While the creation of Langkawi was marked by such clarity, Latiff hasn’t always managed to arrive at, to quote Dr Eugene Tan, “this distinct aesthetic realm” so easily. Despite the consistent genealogy of Eastern-inspired works with Pago Pago having materialised after his encountering of the pagodas of Indochina, Latiff has described a tumultuous period where “it was very difficult for [him] to be Asian then, because there didn’t seem to be such a thing.” While travelling extensively within Southeast Asia from 1964 to 1968, the pre-ASEAN region was a medley of the “Viet Cong, Pathet Lao, Khmer Rouge near the areas where [he] was passing through and doing [his] sketches.” He details the turmoil, “One could hear insurgencies and confrontations. One could smell wars and the killing fields.”
With a blend of Eastern inspiration alongside a sensibility honed by the West running through the bulk of his works, it is also interesting to note how this confluence could be as much a matter of artistry as it is a reaction to the political climate he found himself in – landing in Germany right before the Berlin Wall went up, and the subsequent spillovers from the Cold War that affected Southeast Asia more insidiously.
The idea of “Southeast Asia” then was far from fully formed with different valences at different periods in history. The notion of a united region was difficult to comprehend as conflict was rife and a popular way to broach the notion of “Southeast Asia” was likely to deliberate on colonial modernity, necessarily implying a need to look towards the West. Considered a figure integral to the development of a regional artistic identity for Southeast Asian artists today, Latiff doesn’t pander to a false sense of Asian exoticism, instead he has abstracted the terms of engagement in favour of creating a new visual language that responds accurately to the region in all its complexities. While the many landscapes and eponymous silhouettes of Southeast Asia are visible in his works, his depiction of folk cultures flexibly meet German Expressionism or Minimalist techniques. There simply can’t be strict parameters for a region that cannot be strictly and rigidly defined.
In retrospect, Latiff’s practice has been prescient: his works recognised the importance of reclaiming a distinct regional visual identity rooted in tradition, but above all remained reactive and aware.
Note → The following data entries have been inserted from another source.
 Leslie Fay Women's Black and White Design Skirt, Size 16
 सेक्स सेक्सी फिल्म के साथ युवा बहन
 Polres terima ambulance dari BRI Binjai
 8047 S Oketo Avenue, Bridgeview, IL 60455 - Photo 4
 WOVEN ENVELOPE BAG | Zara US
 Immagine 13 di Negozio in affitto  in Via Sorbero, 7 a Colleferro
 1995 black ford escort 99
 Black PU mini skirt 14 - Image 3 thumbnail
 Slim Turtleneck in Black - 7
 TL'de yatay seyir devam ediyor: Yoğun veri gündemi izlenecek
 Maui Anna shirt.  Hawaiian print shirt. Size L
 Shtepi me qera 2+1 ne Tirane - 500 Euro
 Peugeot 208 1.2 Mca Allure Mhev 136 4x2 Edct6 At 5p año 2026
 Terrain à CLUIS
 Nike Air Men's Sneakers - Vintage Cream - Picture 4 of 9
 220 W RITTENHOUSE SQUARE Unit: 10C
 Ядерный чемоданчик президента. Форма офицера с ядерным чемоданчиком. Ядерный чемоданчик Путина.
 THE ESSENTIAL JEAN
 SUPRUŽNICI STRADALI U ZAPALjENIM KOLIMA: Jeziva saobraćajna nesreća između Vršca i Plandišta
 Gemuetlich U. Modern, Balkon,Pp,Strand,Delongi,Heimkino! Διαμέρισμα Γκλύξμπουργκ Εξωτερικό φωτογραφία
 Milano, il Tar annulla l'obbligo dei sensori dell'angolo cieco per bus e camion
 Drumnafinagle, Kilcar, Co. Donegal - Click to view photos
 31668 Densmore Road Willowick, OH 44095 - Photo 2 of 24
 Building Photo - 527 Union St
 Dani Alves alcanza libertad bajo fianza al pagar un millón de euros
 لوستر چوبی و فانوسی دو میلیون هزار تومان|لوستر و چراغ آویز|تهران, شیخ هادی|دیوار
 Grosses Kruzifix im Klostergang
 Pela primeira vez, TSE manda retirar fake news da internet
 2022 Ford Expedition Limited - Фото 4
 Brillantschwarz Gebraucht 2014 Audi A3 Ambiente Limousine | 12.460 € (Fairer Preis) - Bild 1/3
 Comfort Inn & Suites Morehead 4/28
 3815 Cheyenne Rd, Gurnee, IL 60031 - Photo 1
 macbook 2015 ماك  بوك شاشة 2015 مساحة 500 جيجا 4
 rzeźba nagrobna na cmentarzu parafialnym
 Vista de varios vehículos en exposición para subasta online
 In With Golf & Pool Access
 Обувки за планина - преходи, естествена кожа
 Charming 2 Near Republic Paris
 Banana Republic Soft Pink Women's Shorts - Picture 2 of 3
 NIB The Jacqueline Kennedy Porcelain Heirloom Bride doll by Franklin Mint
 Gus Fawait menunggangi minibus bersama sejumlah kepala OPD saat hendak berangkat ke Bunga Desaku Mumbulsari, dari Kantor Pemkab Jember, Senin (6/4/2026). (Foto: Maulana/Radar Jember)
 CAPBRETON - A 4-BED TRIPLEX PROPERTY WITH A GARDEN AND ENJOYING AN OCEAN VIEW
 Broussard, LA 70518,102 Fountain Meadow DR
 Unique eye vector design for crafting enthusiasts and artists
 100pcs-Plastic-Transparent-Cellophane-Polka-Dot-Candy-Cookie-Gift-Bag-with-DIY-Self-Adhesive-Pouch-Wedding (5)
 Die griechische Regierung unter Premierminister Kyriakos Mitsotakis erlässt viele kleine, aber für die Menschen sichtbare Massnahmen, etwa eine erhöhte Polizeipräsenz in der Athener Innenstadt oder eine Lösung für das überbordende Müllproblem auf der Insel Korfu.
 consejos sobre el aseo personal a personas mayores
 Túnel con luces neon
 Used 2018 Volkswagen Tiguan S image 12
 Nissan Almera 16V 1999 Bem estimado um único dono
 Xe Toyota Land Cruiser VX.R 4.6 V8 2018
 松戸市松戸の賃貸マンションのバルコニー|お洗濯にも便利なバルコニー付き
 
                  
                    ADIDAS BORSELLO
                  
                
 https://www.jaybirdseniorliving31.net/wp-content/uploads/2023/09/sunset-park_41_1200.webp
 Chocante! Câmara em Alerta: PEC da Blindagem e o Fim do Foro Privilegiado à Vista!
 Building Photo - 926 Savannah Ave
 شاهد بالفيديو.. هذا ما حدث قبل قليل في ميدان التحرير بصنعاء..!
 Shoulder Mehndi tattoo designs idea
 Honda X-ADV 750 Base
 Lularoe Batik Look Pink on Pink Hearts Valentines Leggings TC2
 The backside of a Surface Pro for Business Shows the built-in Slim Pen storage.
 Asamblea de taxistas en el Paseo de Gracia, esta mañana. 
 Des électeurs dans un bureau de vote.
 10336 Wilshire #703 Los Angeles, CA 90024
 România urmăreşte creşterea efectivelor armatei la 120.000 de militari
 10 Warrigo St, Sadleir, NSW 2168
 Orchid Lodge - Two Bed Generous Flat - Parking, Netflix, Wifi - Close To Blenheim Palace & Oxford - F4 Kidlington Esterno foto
The gifted painter refuses to make any sweeping statements about his practice, instead he sincerely says “Art is almost two-thirds of my life…Just go on struggling with your art materials, with your daily painting.” Whether at the Pompidou or the National Gallery Singapore or here at Chan + Hori, it is clear that Latiff Mohidin forms a sort of keystone that can help to chart the development of modern Southeast Asia art, one that is reached on the region’s own terms.